Captioned web image data
★ ★ ★ ★

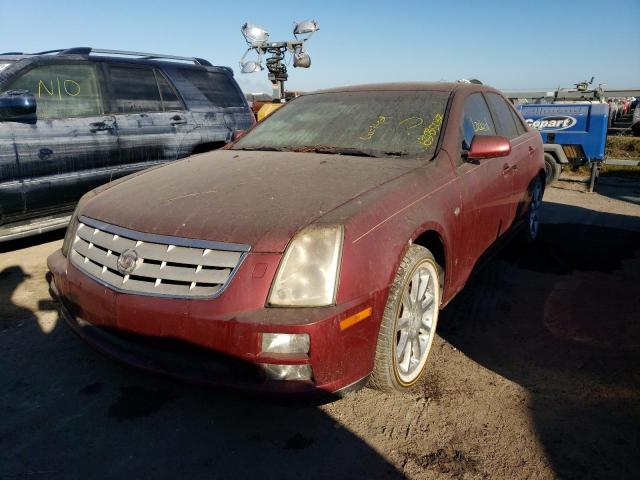 1G6DC67A660195091 - 2006 CADILLAC STS RED photo 2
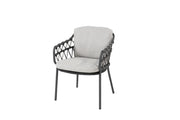 4SO Calpi loungestoel antraciet incl. 2 kussens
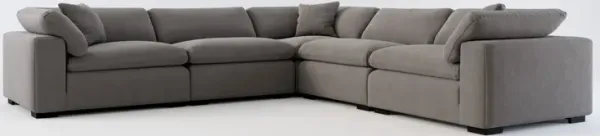 Plush Core Comfort 5-Piece Sectional - Merrimac Ash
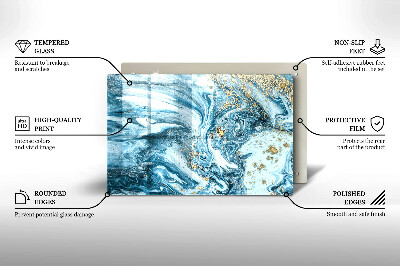 Grafkaars onderzetter Structuur met goud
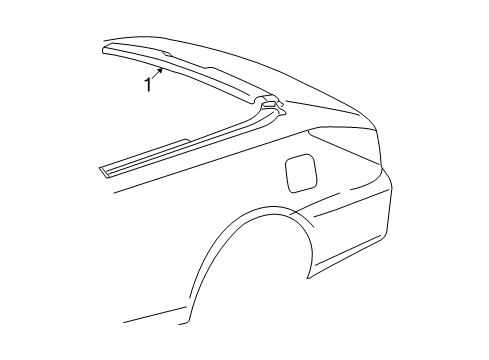 2005 Toyota Solara Exterior Trim - Rear Body & Floor Diagram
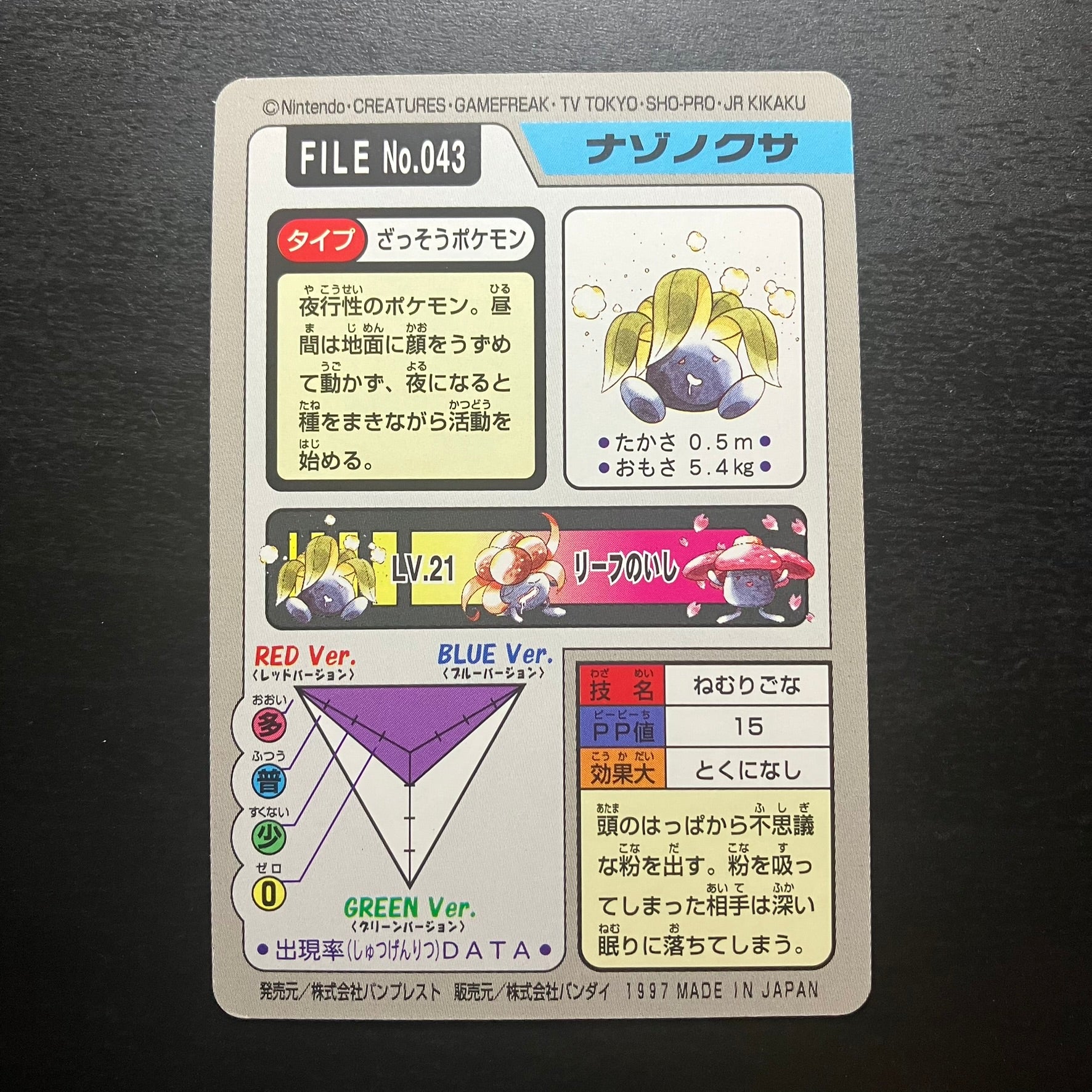 Mystherbe - Carddass Pocket Monster Moves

★ ★ ★ ★

**Activity**
Set down all the lines above exactly as they appear, with no pictures.

**Result for this task**
 1G6DC67A660195091 - 2006 CADILLAC STS RED photo 2
 4SO Calpi loungestoel antraciet incl. 2 kussens
 Plush Core Comfort 5-Piece Sectional - Merrimac Ash
 Grafkaars onderzetter Structuur met goud
 2005 Toyota Solara Exterior Trim - Rear Body & Floor Diagram
 Mystherbe - Carddass Pocket Monster Moves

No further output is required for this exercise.